WHAT YOU ARE ASKED TO DO:
How many lines in the data that follows contain the word "Orchard"? Only that number is needed.

___

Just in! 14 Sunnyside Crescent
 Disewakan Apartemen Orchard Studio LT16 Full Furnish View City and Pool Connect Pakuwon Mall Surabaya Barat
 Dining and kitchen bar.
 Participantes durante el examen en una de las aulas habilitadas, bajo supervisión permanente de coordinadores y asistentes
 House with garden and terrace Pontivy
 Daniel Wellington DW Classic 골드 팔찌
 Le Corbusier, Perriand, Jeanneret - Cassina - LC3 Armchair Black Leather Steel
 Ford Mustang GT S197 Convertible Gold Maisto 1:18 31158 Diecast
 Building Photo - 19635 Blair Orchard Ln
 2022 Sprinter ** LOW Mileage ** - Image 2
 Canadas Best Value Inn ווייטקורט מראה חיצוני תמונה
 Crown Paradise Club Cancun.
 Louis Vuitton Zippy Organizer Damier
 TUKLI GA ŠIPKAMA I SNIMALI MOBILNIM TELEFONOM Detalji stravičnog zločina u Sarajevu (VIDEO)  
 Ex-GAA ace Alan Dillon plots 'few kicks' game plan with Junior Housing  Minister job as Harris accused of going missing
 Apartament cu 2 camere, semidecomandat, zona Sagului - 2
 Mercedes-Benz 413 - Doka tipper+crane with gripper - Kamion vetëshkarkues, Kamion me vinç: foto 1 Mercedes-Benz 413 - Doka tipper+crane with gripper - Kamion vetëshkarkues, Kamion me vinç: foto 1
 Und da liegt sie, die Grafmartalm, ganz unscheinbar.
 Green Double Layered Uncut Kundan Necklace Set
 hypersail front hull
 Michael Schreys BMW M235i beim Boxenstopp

___

SOLUTION TO THIS PROBLEM:
2